Merging Empty Chunks in MongoDB

Empty Chunks in MongoDB I recently wrote about one of the problems we can encounter while working with sharded clusters, which is Finding Undetected Jumbo Chunks in MongoDB. Another issue that we might run into is dealing with empty chunk management.

Chunk Maintenance

As we know, there is also an autoSplitter process that partitions chunks when they become too big. There is also a balancer process that takes care of moving chunks to ensure even distribution between all shards. So as data grows, chunks are partitioned and perhaps moved over to other shards and all is well.

But what happens when we delete data? It can be the case that some chunks are now empty. If we delete a lot of data, perhaps a significant number of the chunks will be empty. This can be a significant issue for sharded collections with a TTL index.

Potential Issues

One of the potential problems when dealing with a high percentage of empty chunks is uneven data distribution. The balancer will make sure the number of chunks on each shard is roughly the same, but it does not take into account whether the chunks are empty or not. So you might end up with a cluster that looks balanced, but in reality, a few shards have way more data than the rest.

To deal with this problem, the first step is to identify empty chunks.

Identifying Empty Chunks

To illustrate this, let’s consider a client’s collection that is sharded by the “org_id” field. Let’s assume the collection currently has the following chunks ranges:

minKey –> 1
1 -–> 5
5 —-> 10
10 –> 15
15 —-> 20
….

We can use the dataSize command to determine the size of a chunk. This command receives the chunk range as part of the arguments. For example, to check how many documents we have on the third chunk, we would run:

Shell

db.runCommand({ dataSize: "mydatabase.clients", keyPattern: { org_id: 1 }, min: { org_id: 5 }, max: { org_id: 10 } })

This returns a document like the following:

Shell

"size" : 0,

"numObjects" : 0,

"millis" : 30,

"ok" : 1,

"operationTime" : Timestamp(1641829163, 2),

"$clusterTime" : {

"clusterTime" : Timestamp(1641829163, 3),

"signature" : {

"hash" : BinData(0,"LbBPsTEahzG/v7I6oe7iyvLr/pU="),

"keyId" : NumberLong("7016744225173049401")

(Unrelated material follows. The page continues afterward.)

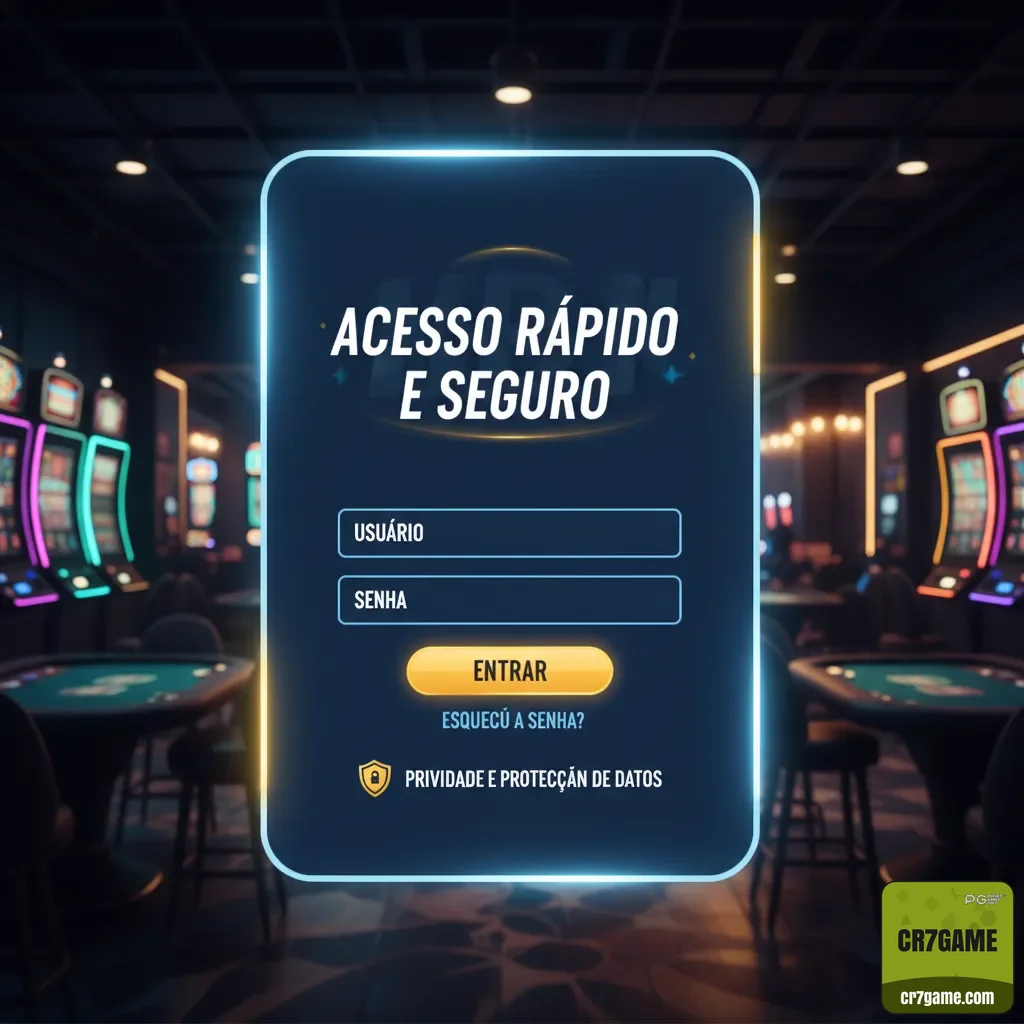 cr7game - direto entrada rápida - Link Direto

If the size is 0 we know we have an empty chunk, and we can consider merging it with either the chunk that comes right after it (with the range 10 → 15) or the one just before it (with the range 1 → 5).

Merging Chunks

Assuming we take the first option, here is the mergeChunks command that helps us get this done:

Shell

db.adminCommand( {

mergeChunks: "database.collection",

bounds: [ { "field" : "5" },

{ "field" : "15" } ]

The new chunk ranges now would be as follows:

minKey –> 1
1 —-> 5
5 —-> 15
15 —-> 20
….

One caveat is that the chunks we want to merge might not be on the same shard. If that is the case we need to move them together first, using the moveChunk command.

Putting it All Together

Following the above logic, we can iterate through all the chunks in shard key order and check their size. If we find an empty chunk, we merge it with the chunk just before it. If the chunks are not on the same shard, we move them together. The following script can be used to print all the commands required:

Shell

var mergeChunkInfo = function(ns){

var chunks = db.getSiblingDB("config").chunks.find({"ns" : ns}).sort({min:1}).noCursorTimeout();

//some counters for overall stats at the end

var totalChunks = 0;

var totalMerges = 0;

var totalMoves = 0;

var previousChunk = {};

var previousChunkInfo = {};

var ChunkJustChanged = false;

chunks.forEach(

function printChunkInfo(currentChunk) {

var db1 = db.getSiblingDB(currentChunk.ns.split(".")[0])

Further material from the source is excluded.